YodaQA

YodaQA is an open source Question Answering system using on-the-fly Information Extraction from various data sources (mainly enwiki). Its goals are practicality and extensible design - it is not a purely research project, even though we aim to develop YodaQA with appropriate scientific rigor. Right now, it is focused on answering factoid questions and not optimized for speed at all; in the future, we hope to add some deductive capabilities and include "personal assistant" style conversation capabilities.

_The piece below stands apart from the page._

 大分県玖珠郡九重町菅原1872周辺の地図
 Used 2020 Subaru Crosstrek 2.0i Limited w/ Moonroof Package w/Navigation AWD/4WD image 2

YodaQA stands for "Yet anOther Deep Answering pipeline" and the system is inspired by the DeepQA (IBM Watson) papers. It is built on top of the Apache UIMA and developed as part of the Brmson platform. For all the NLP logic (including the NLP type system), we lean heavily on the DKPro UIMA bindings; transitively, work like the StanfordParser and Princeton's Wordnet is crucial for us. We also draw some inspiration from the OpenQA project and the Taming Text book.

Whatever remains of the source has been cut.